By Traci Arway, NBCT, primary multiple disabilities teacher, Columbus
Eleven years ago I started teaching special education so that I could make a difference in the lives of the students who need it most—children with severe and multiple disabilities. I live and work in one of the state’s highest poverty per capita areas, and I wouldn’t change what I do for the world. I didn’t become a teacher to get rich; I became a teacher to serve.
Not only am I a teacher, but I’m a mother of two small children and my husband is also a teacher. Like many of our colleagues, we come from a long line of educators, including my sister-in-law who is an educator and my mother who also is a teacher. My brother works for a public university and my father works for the state of Ohio. I also have a number of cousins who decided to serve Ohioans by working in state government.

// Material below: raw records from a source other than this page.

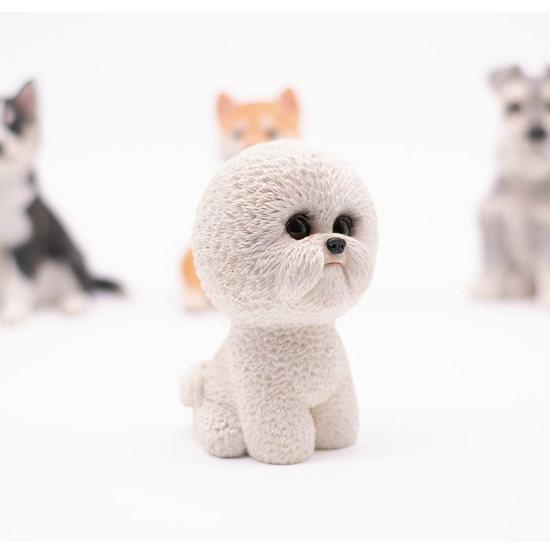 A collection of small dog models featuring a Husky, Shiba Inu, Schnauzer, and Bichon. Each model captures the lifelike details and distinct characteristics of these beloved dog breeds, making them perfect for dog lovers and collectors.
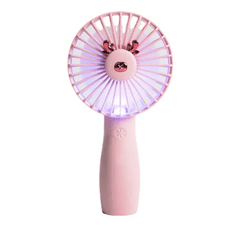 Luniks Prijenosni stolni USB ventilator s lampom – Roza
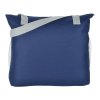 a blue bag with grey straps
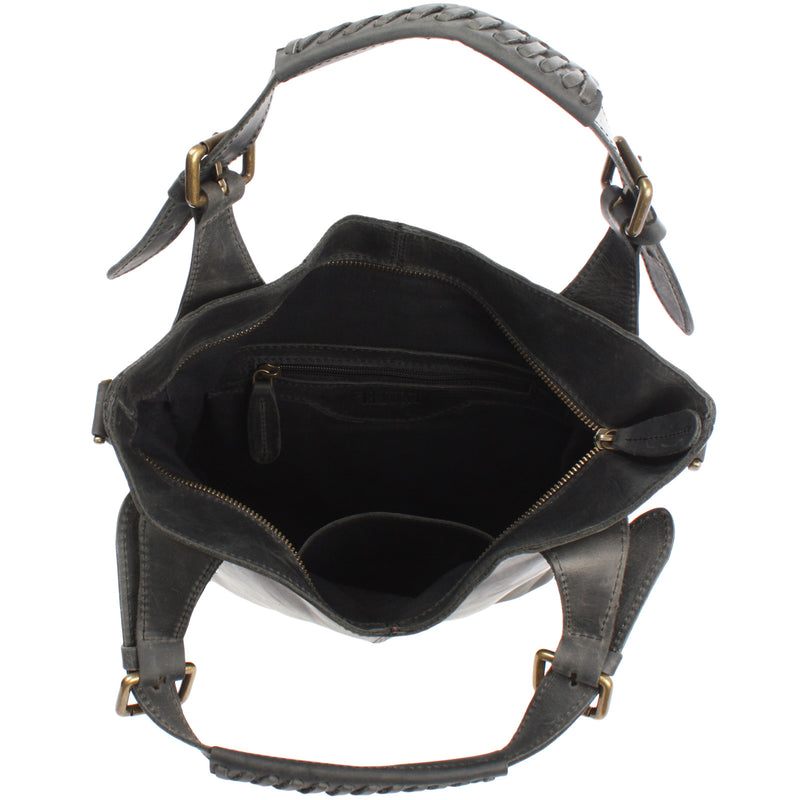 Leconi Umhängetasche Schultertasche Henkeltasche Damentasche Leder grau LE0054 Super Rabatt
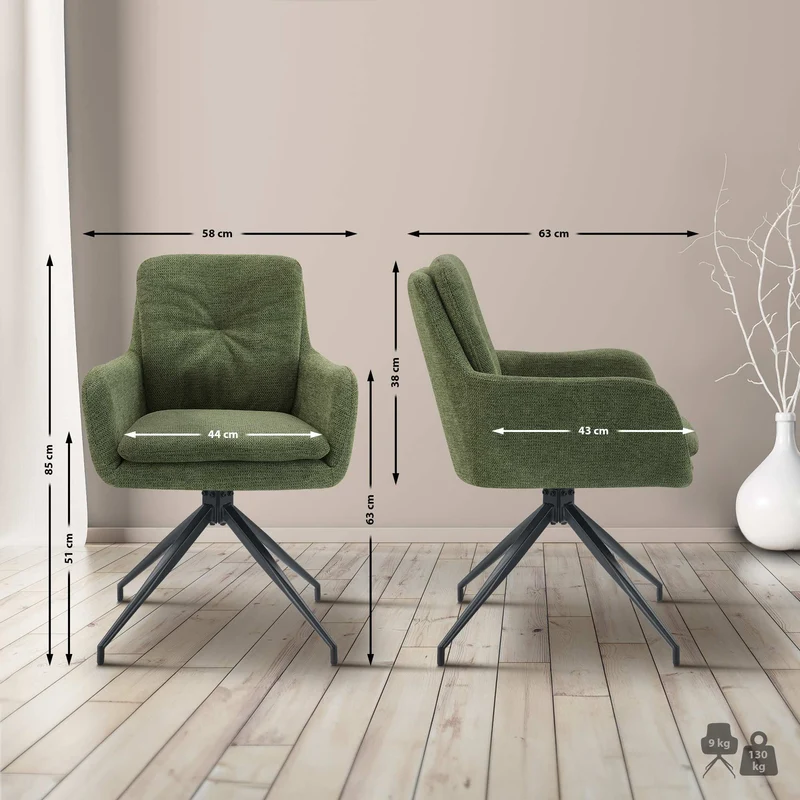 Lot de 2 chaises de salle à manger fonction pivotante confortable et moderne en tissu vert cadre métal 10_0005890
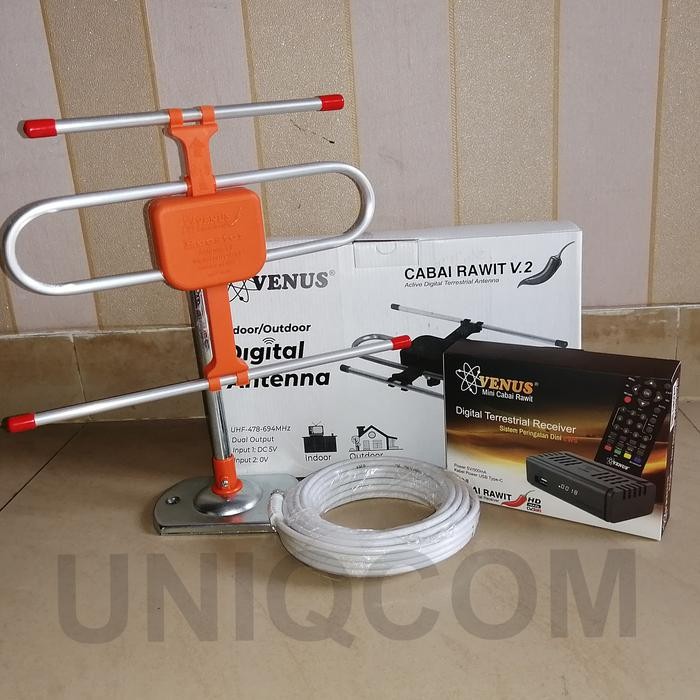 Paket Antena Venus Cabai Rawit + STB DVBT2 Venus Cabe Rawit *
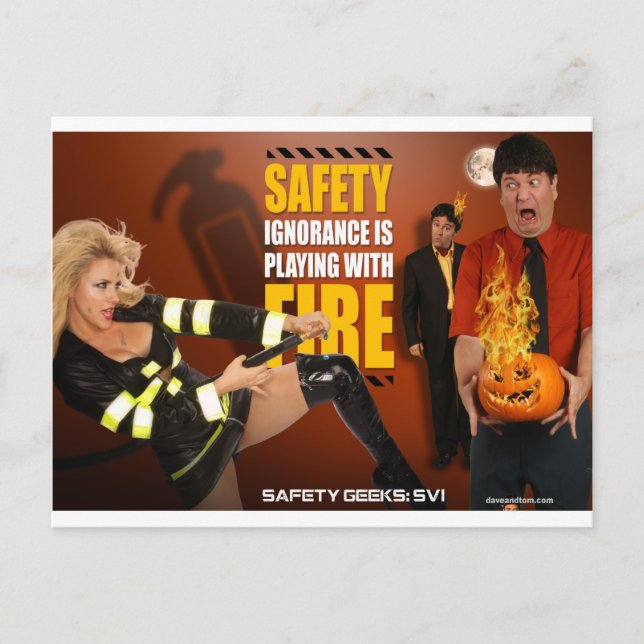 Carte Postale Halloween Thème Sécurité Geeks Drôle Avertissement (Devant)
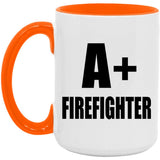A+ Firefighter - 15oz Accent Mug Orange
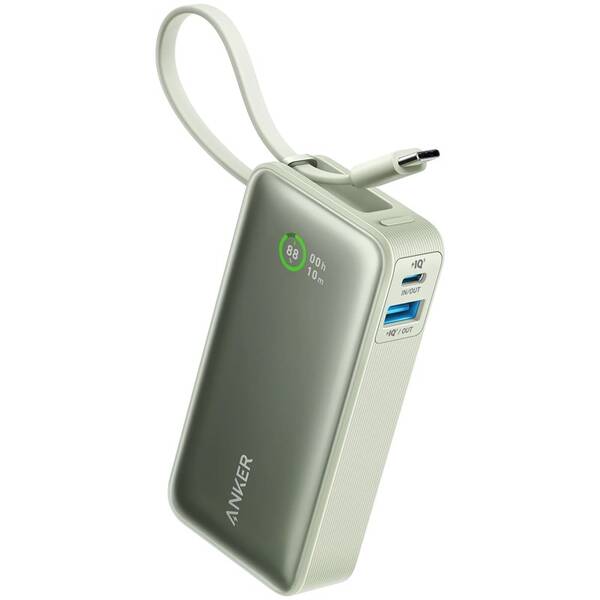 Powerbank Anker Anker 545 10000mAh, 30W s káblom USB-C zelený

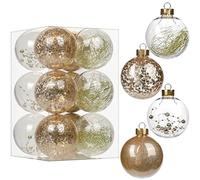 12pcs 8cm Large Christmas Baubles Big Shatterproof Clear Plastic Ball with Delicate Ornaments Champagne Gold Xmas Balls Set Christmas Tree Hanging Decorations for DIY Halloween Party Wedding Decor
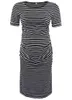 Sukienki macierzyńskie Side Side Ruched Ubrania Bodycon Dress Mama Casual Krótki Rękaw Wrap Odzież damska Plus Rozmiar 1555 B3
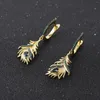 Kolczyki Dangle Natural Blue Topaz Stone Earring Gold Feather Jewelry Pave Emerald-Green 925 Srebrny srebrny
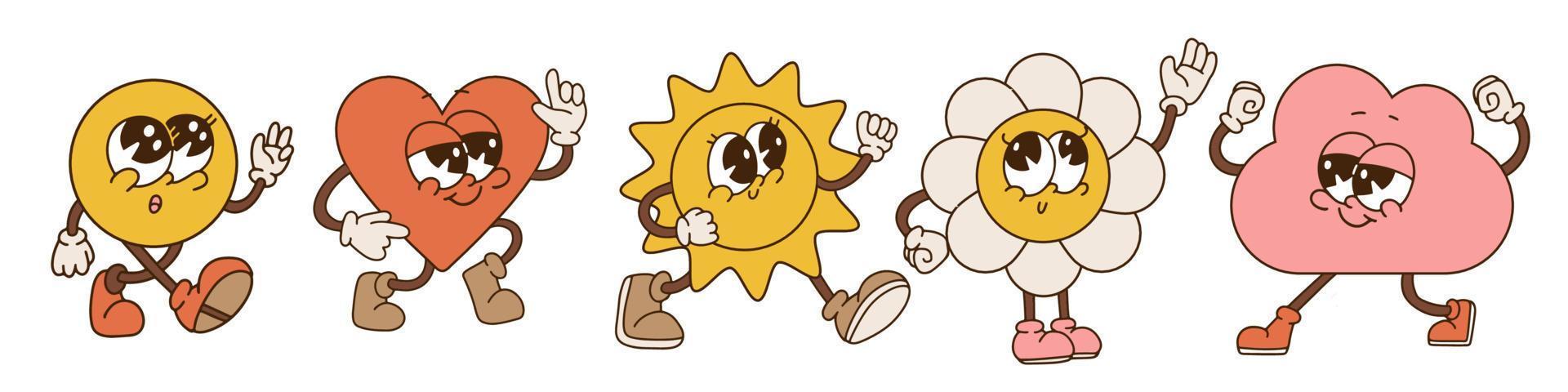 Set of retro cartoon stickers with abstract comic characters with gloved hands. Modern illustration with cute comic mascots. Hand drawn circle, heart, sun, flower and cloud. Vector illustration.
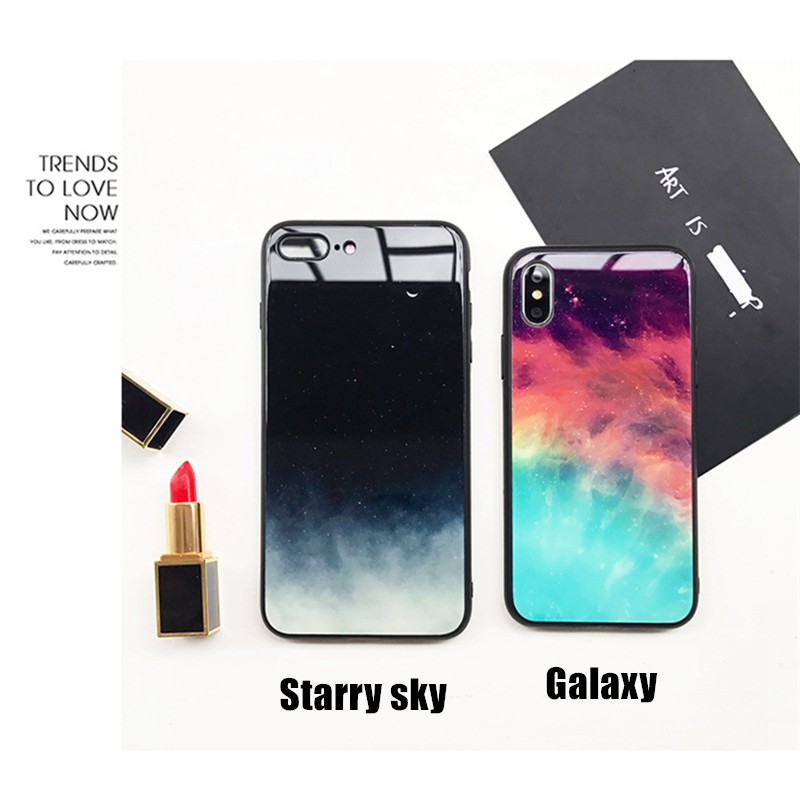 Ốp điện thoại mặt kính cường lực họa tiết bầu trời lấp lánh cho iPhone X XR XS MAX 6p 7 8plus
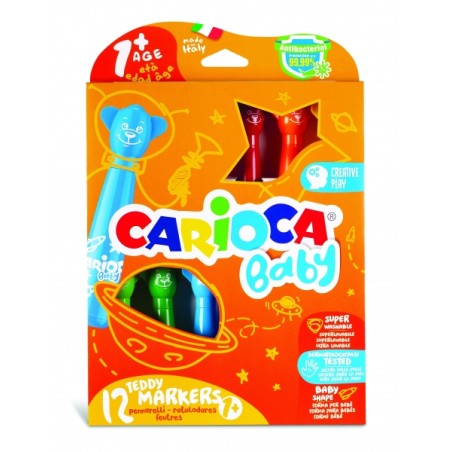â Carioca Baby Teddy Lot de 12 marqueurs â Super sÃ»rs â Forme ergonomique â Encre super lavable â TestÃ en stock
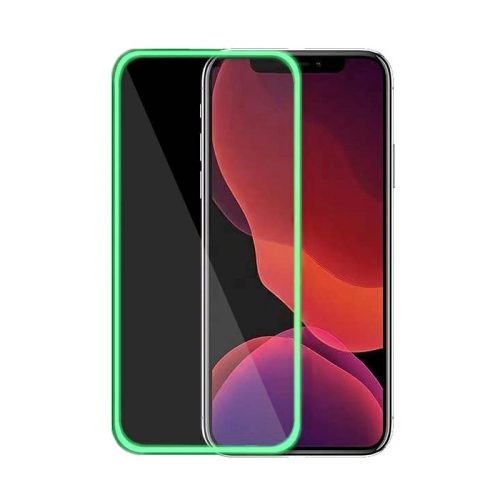 Fluoreszkáló Apple iPhone X / XS előlapi üvegfólia zöld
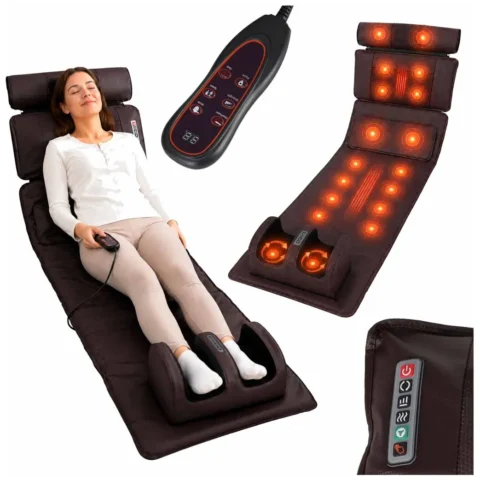 Masażer pleców ciała mata masująca z pilotem Shiatsu podgrzewanie masaż nóg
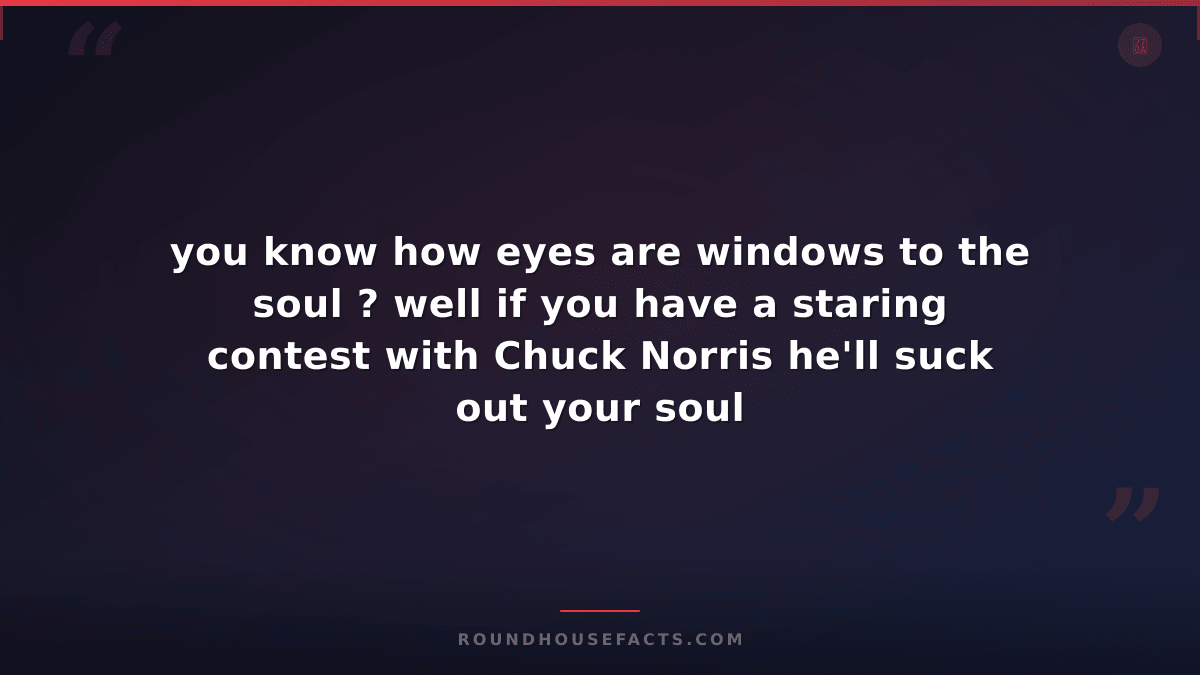 Chuck Norris Fact — you know how eyes are windows to the soul ? well if you have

But as much as Issue 2 affects my family, our livelihood and everyone else who chose public service instead of more lucrative private sector jobs, I worry more about my students and what will happen if we don’t defeat this unfair attack on public workers. With my students who have severe needs—social, academic and behavioral—Issue 2 silences the voices and effectively prevents professionals, like me from negotiating contract provisions that ultimately would benefit my students.
If passed, Issue 2 will result in a loss of local control and lead to a loss of collaborative spirit.
Education support professionals and teachers are dedicated to their students, and we’re overwhelmingly against Issue 2 because we know how much it will hurt students. Issue 2 is not about improving teacher or student performance—it’s about power, political payback, and very bad policy. My special needs students shouldn’t suffer because Columbus politicians are moving their own agenda, and that’s why I’m voting NO on Issue 2.